TASK REQUIREMENTS
Could you print exactly the lines of the listing below, starting at the line that has "Maison 6 pièces 186 m²" and ending at the line that has "Used 2020 Mercedes-Benz", and only those lines?

RECORDS PROVIDED
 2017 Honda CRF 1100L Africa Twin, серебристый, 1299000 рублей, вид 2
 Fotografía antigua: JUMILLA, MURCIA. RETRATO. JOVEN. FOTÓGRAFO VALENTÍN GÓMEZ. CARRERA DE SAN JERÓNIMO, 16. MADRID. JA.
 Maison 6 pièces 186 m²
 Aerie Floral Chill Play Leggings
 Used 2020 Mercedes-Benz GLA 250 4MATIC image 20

...

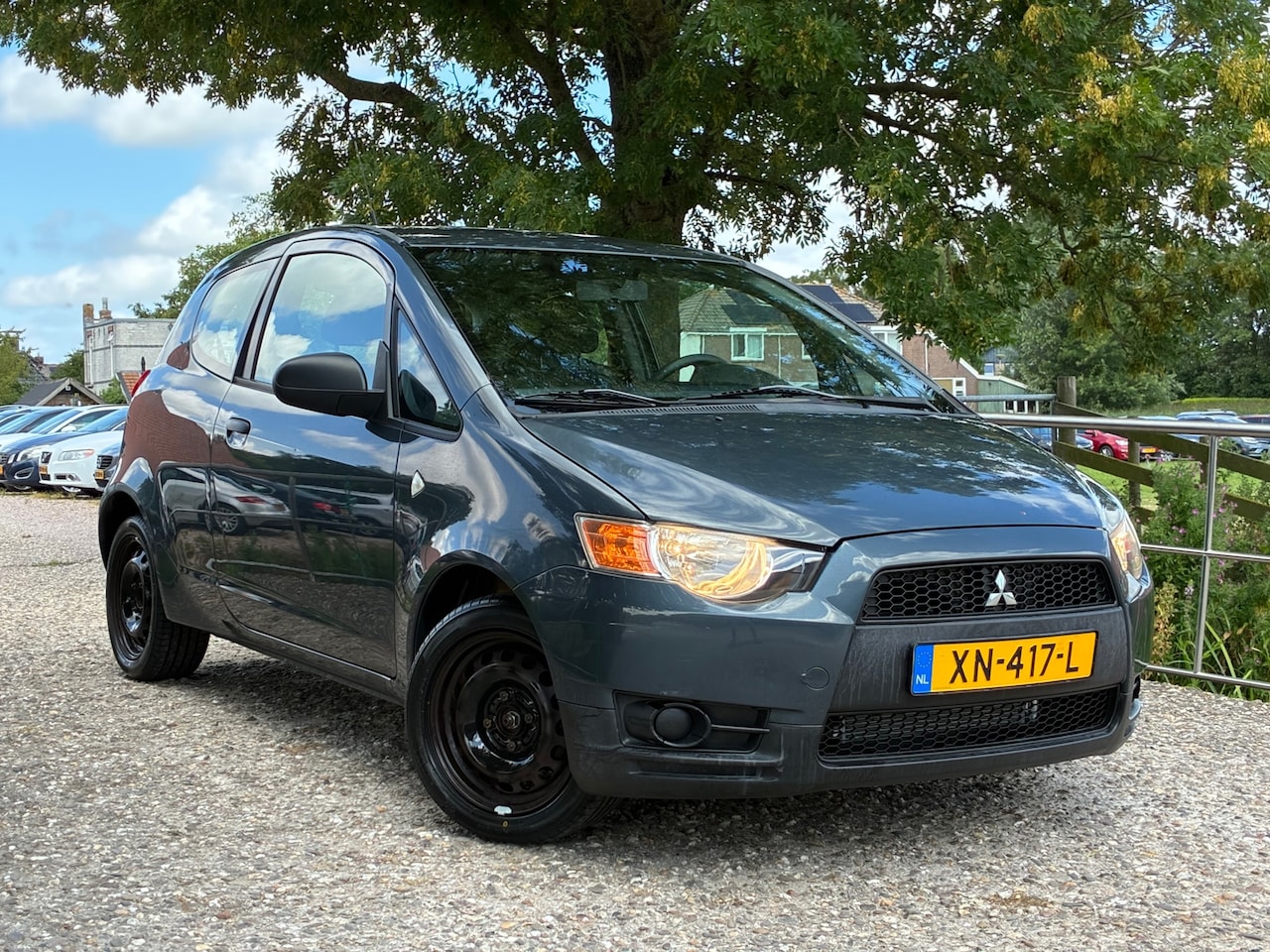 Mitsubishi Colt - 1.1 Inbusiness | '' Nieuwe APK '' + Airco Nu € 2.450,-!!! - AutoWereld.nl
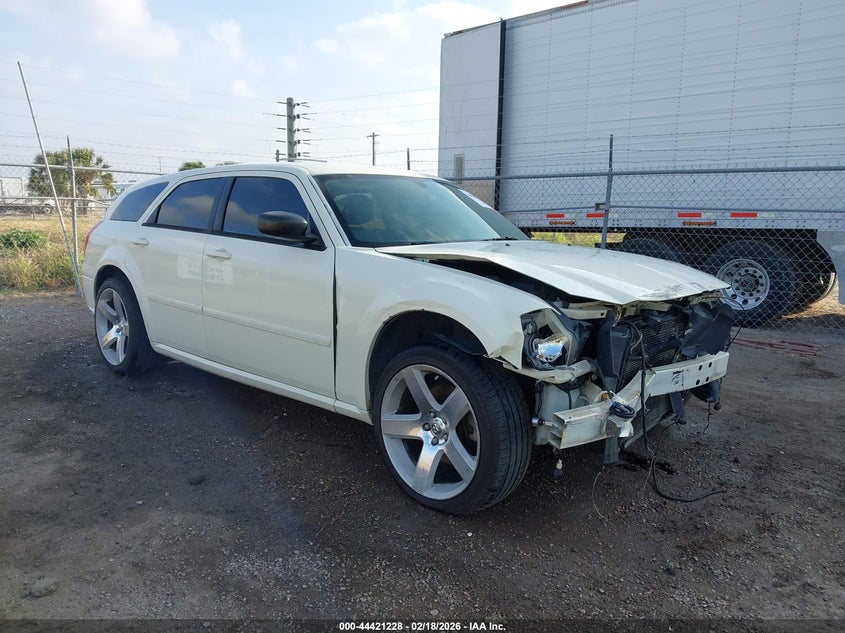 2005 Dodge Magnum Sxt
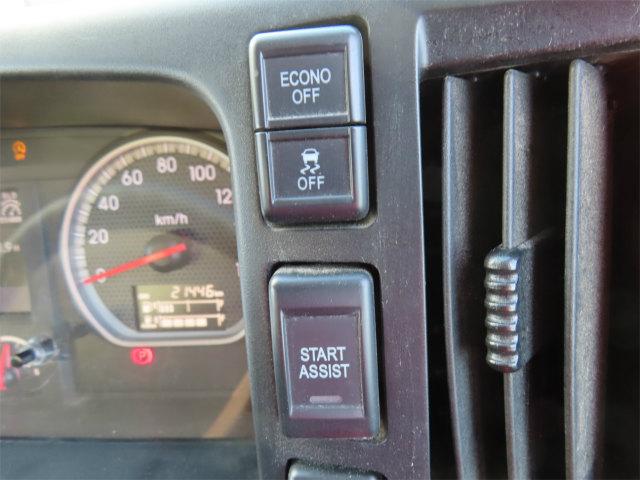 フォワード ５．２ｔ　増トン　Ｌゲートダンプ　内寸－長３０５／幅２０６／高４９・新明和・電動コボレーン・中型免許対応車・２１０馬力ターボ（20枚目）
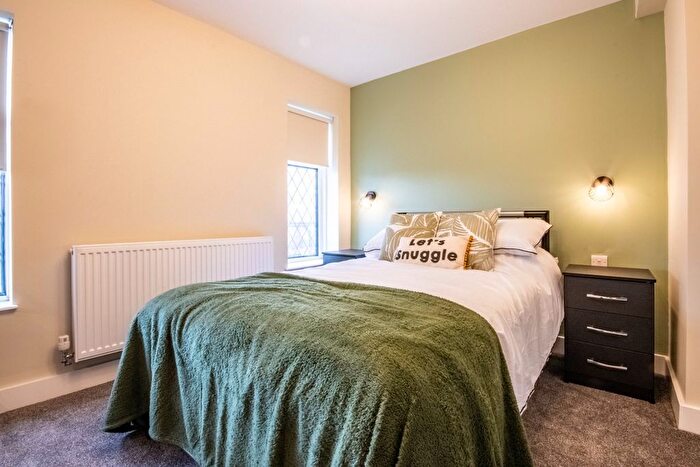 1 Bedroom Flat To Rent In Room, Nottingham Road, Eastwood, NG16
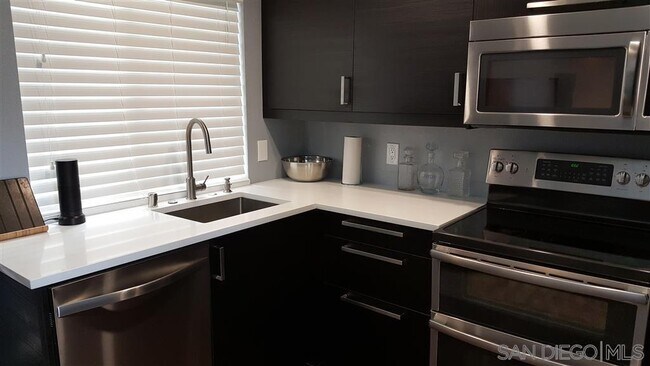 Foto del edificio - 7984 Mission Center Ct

* * *

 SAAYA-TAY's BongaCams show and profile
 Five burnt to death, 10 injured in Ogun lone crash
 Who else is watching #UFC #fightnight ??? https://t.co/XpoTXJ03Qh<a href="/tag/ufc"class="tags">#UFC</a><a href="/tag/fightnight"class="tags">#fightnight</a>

TASK OUTPUT
 Maison 6 pièces 186 m²
 Aerie Floral Chill Play Leggings
 Used 2020 Mercedes-Benz GLA 250 4MATIC image 20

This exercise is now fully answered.